Excerpted records:
◇ ◇ ◇ ◇ ◇ ◇ ◇

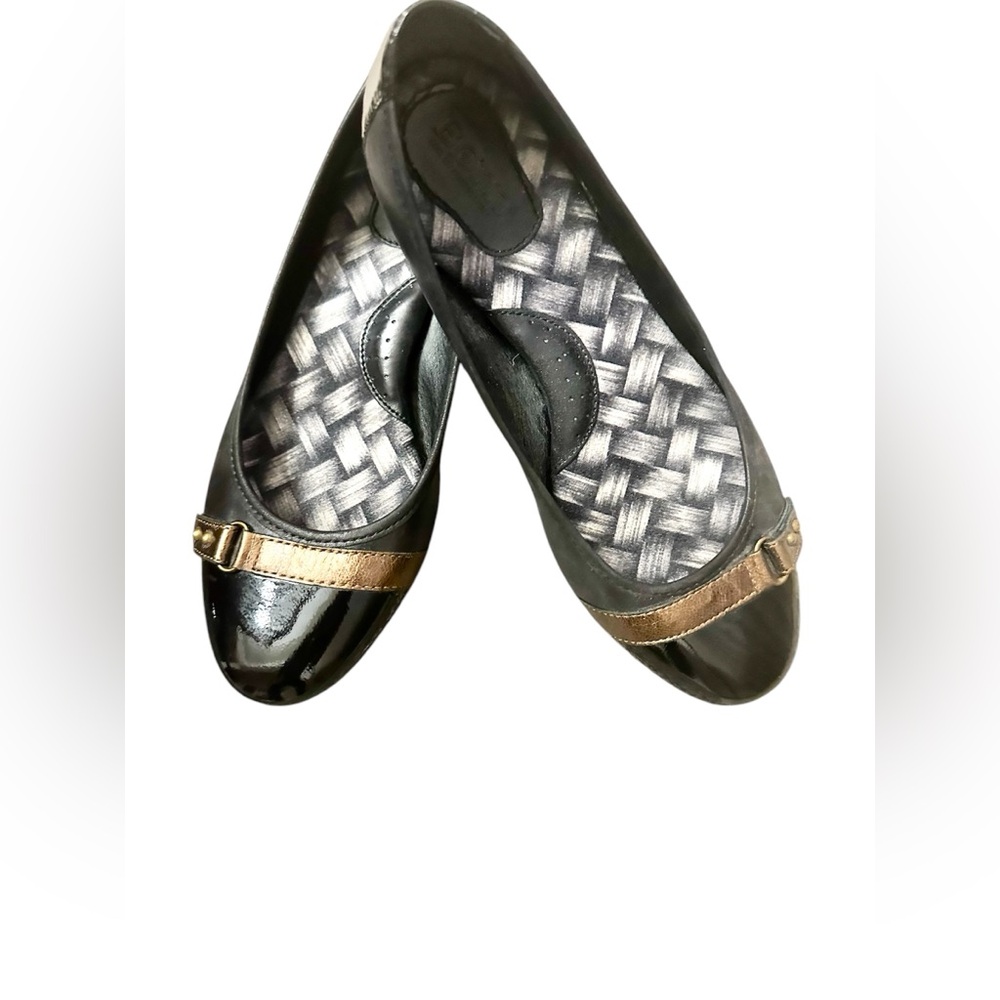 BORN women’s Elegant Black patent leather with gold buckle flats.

◇ ◇ ◇ ◇ ◇ ◇ ◇

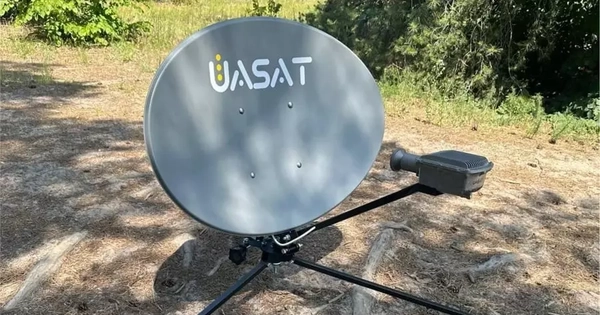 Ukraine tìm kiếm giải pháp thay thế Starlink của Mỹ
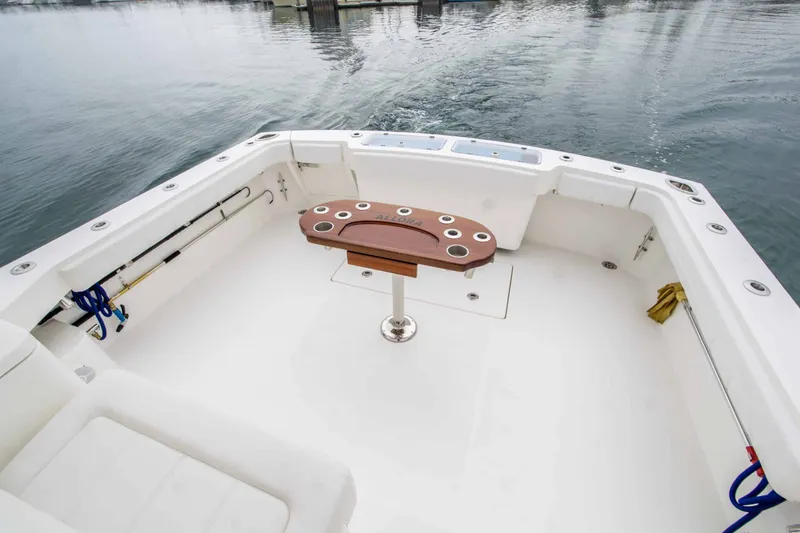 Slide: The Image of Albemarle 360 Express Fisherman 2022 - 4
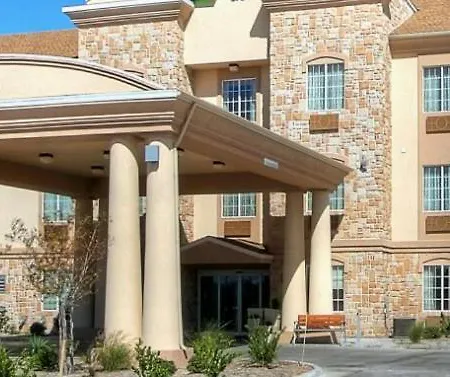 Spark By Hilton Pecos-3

◇ ◇ ◇ ◇ ◇ ◇ ◇

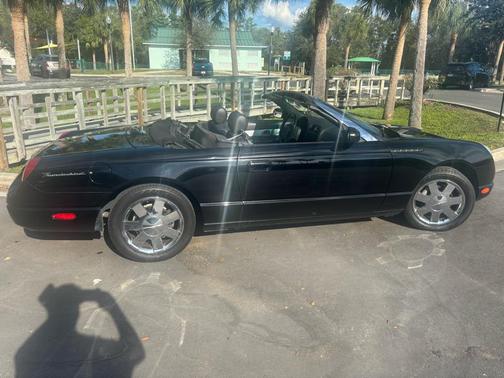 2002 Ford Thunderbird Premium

◇ ◇ ◇ ◇ ◇ ◇ ◇

Brief: Nothing but the lines from the one containing "Slide: The Image" through the one containing "Spark By Hilton Pecos-3" should appear, copied exactly from the material above and without pictures.

Answer for the task:
 Slide: The Image of Albemarle 360 Express Fisherman 2022 - 4
 Spark By Hilton Pecos-3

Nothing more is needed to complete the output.